2. By attempting to coerce any of their actual employees into leaving their service, or any of their intending employees not to enter their service, by the use of personal violence or any threat of the same, by use of opprobrious epithets applied to such employees, by following such employees about the streets against their will and request, by persistently surrounding and importuning and entreating such employees against their will and request. By meeting and intercepting such employees on their way to and from work for the purpose of doing any of the things above forbidden, by harassing, annoying, or molesting such employees, by any other means of the same general nature as those above forbidden. Such an injunction to remain in force during the pendency of this proceeding or until the further order of the court. The undertaking required by rule 43 to be first filed. WENDELL P. STAFFORD, Justice.

Marked filed March 30, 1906.

[In the United States district court for the district of Alaska, second division. E. W. Johntson, plaintiff, v. Federal Labor Union, Nome City, Alaska, et al., defendant.]

ORDER OF INJUNCTION.

Now, on this 15th day of August, A. D. 1905, this cause coming or to be heard upon the application of the plaintiff for a restraining order and injunction against the said defendants and against all other persons whomsoever acting in collusion or in connection with them, or any of them, and all other persons, restraining all such persons from in any way doing or attempting to do any of the acts complained of in the complaint herein; and it appearing to the court by the complaint and the affidavit of John Rigby, filed herein, that a restraining order and injunction should be issued during the pendency of this action, or until further order of the court, in accordance with the prayer of the said complaint, and the plaintiff having given a bond in the amount fixed by this court:

Now, therefore, it is hereby ordered, adjudged, and decreed by the court that the said defendants, and each and all of them, and all persons acting in connection with them, and all persons whomsoever. are hereby restrained and enjoined from in any way or manner interfering with, hindering, obstructing, or in any manner delaying or stopping the building and construction of the improvements at the mouth of Snake River, in Nome, Alaska, by the said plaintiff or anyone acting by, through, or under him, and of the buildings, structures, construction, or machinery now being built or placed upon or hereafter to be built or placed upon the same or any part of the said improvements, and from picketing the works and business of plaintiff, or from interfering in any way with any of the employees of plaintiff, and from compelling or inducing, or attempting to compel or induce, by threats. intimidation, persuasion, force, or violence, any of the employees of the plaintiff to leave the employment of plaintiff, or to refuse or fail to perform any of their duties as employees of said plaintiff, and from attempting, by threats, force, or violence, to prevent any person whomsoever from entering the employment of plaintiff, and from aiding, assisting, or abetting in any manner whatsoever any person or persons to commit any or to attempt to commit any of the acts aforesaid.

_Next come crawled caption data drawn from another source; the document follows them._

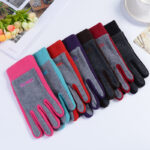 Autumn And Winter Warm Polar Fleece Gloves Riding Thick Fashion - Image 2
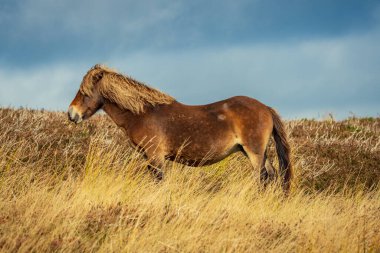 An Exmoor Pony, seen on Porlock Hill in Somerset, England, UK clipart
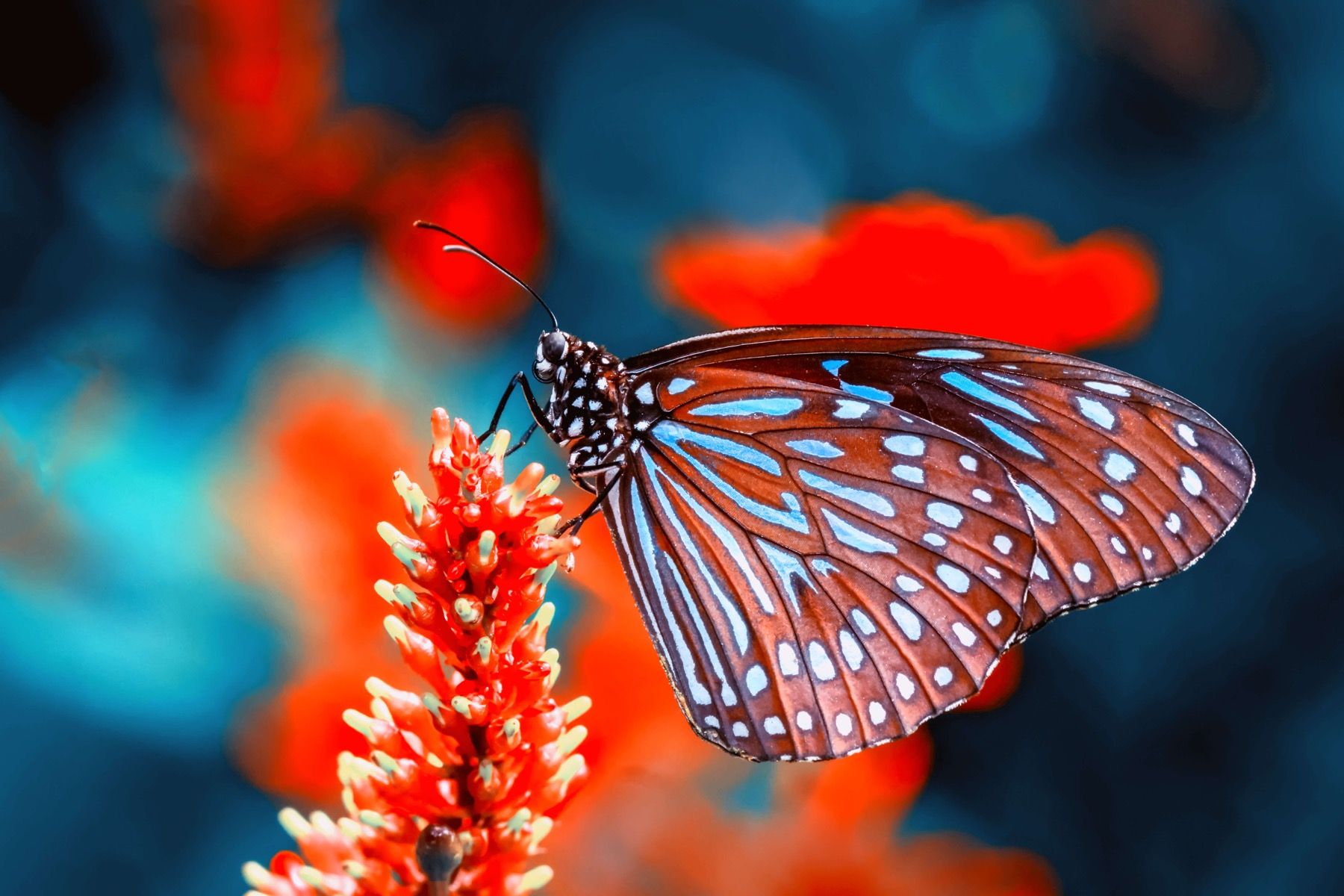 Red And Black Butterfly Wallpapers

And it is further ordered that this injunction order shall be in force and binding upon said defendants from and after the service upon them, severally, of this injunction order, or from the time that any of said defendants have knowledge of this order, or upon the reading of this injunction order or a copy thereof to any of said defendants by any person, or by the publication of this order by posted or printed copies thereof, and upon all persons whomsoever, whether named or not, when they shall have knowledge of the making of this order. Done in open court this 15th day of August, 1905.

Witness the Hon. Alfred S. Moore, judge of the United States district court, district of Alaska, second division, and the seal of said court hereto affixed this 15th day of August, A. D. 1905.

[SEAL.]

Attest:

ALFRED S. MOORE,

United States District Judge, Second Division, District of Alaska.

GEO. V. BORCHSENIUS, Clerk. By ANGUS MCBRIDE, Deputy.